Figure 2: An example of model performance on test data at the commonly used threshold of 0.5. The model achieves 90% accuracy but fails to detect the single positive case.

Sensitivity analysis

ROC Curve plots the true positive rate (sensitivity) against the false positive rate (1 - specificity) at various thresholds to reveal how sensitive the model is to changes in the decision threshold for each class.

Figure 3: This ROC curve suggests the model performs poorly across most thresholds. It only identifies positives at very low thresholds, with a high false positive rate. Overall, the model struggles to separate the classes effectively

The optimal decision threshold is often chosen near the top-left corner of the ROC curve, where sensitivity and specificity are balanced. However, this assumes equal costs for false positives and false negatives — which is rarely the case.

In breast cancer screening, for example, missing a cancer case (false negative) is more serious than flagging a healthy person (false positive). In such cases, the threshold is lowered to prioritize detecting positives, making ROC interpretation less straightforward.

Figure 4 shows the same model as in Figure 3, with reliability diagram and a confusion matrix that updates with the threshold — making it easier to see how model’s performance changes.

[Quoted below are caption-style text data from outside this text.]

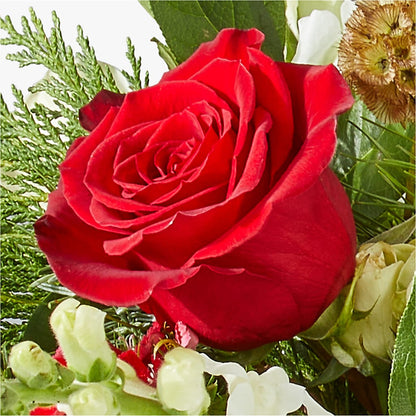 Deck the Halls Bouquet –  Flowers Y Detallitos Analy, Durham NC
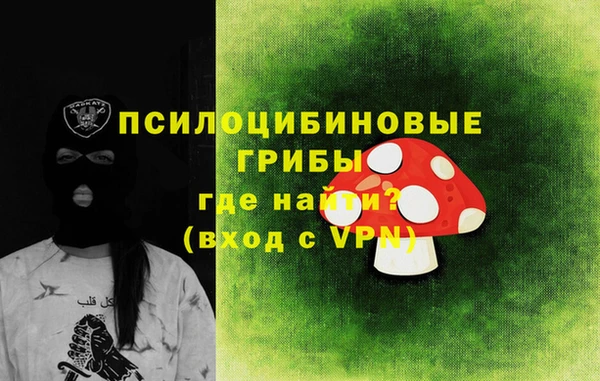 прущие грибы Карталы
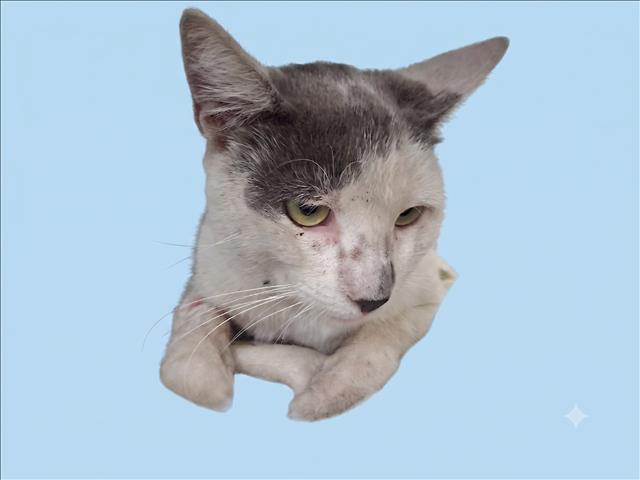 Shelter Stray Male Cat last seen , 1850 W 60th St, Los Angeles, CA 90047, USA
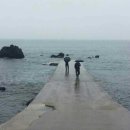 청성잡기 47. 이해에 따라 바뀌는 노비 문제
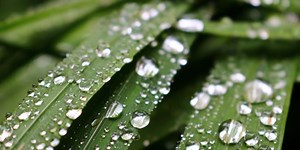 Breakdown: Why is the grass wet in the morning when it didn’t rain?
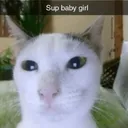 Sup girl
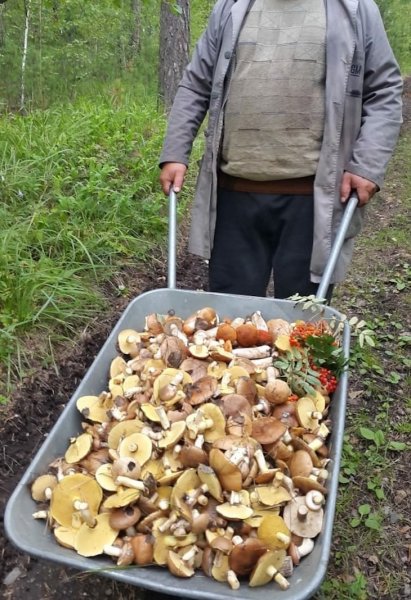 Прикольный грибник
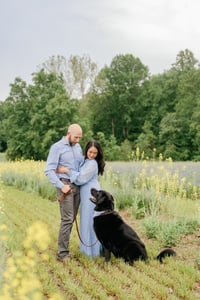 Image 2 of Goldpedal Farm Mini's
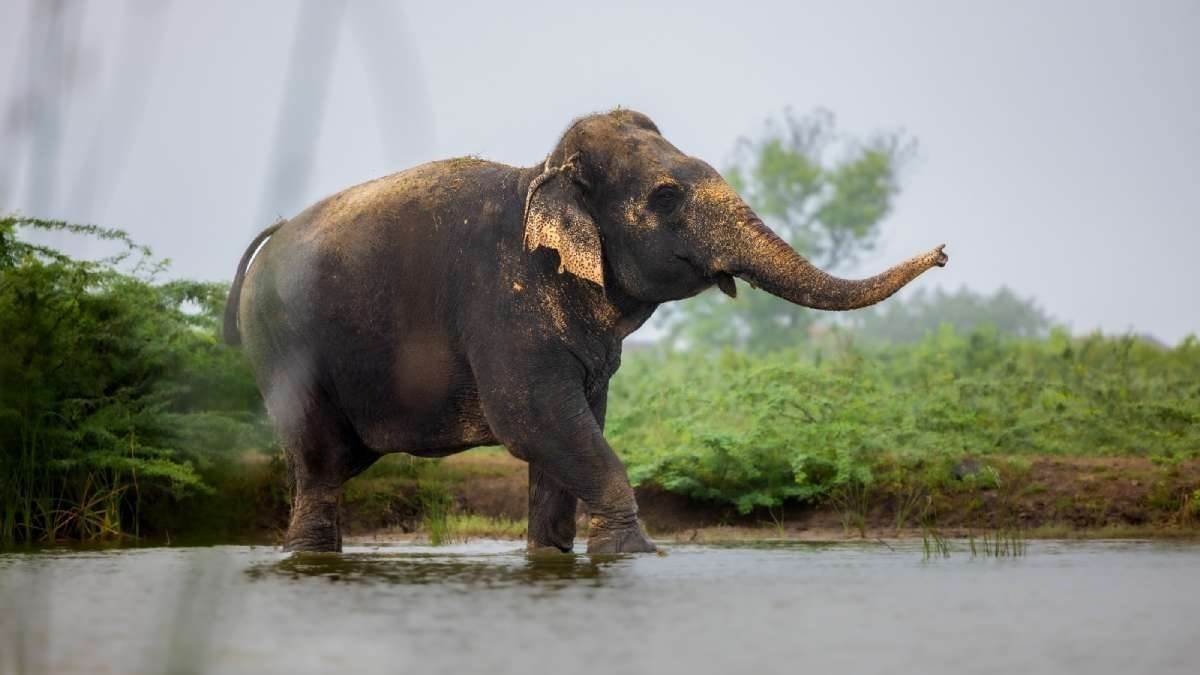 Decision to move Omkar elephant to Vantara centre upheld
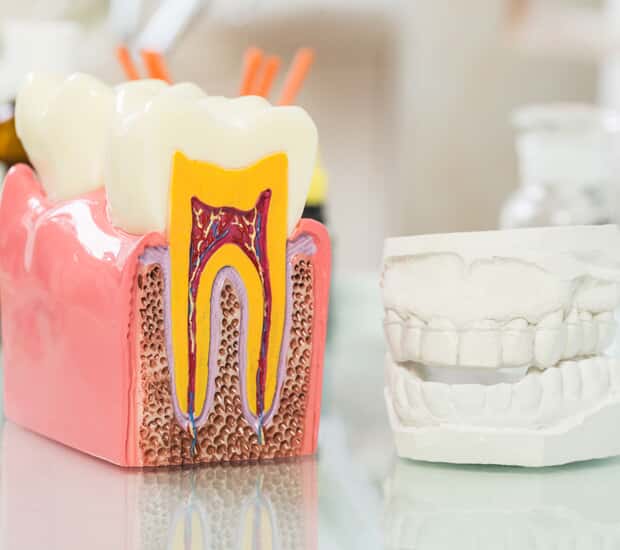 Marietta Tooth Anatomy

Figure 4: From the reliability diagram, varying the threshold dynamically reveals how lowering it reduce false negatives while increase false positives. The confusion matrix further highlights how sensitive the two classes are to changes in threshold

Some Notes

This article isn’t an exhaustive guide to model performance in binary classification, but a reflection on often overlooked aspects — especially calibration metrics and sensitivity to decision thresholds.

The idea of plotting predicted probabilities against actual labels (reliability diagrams) comes from my own experimentation. All visualisations were created in R using ggplot2. Data and code are available here.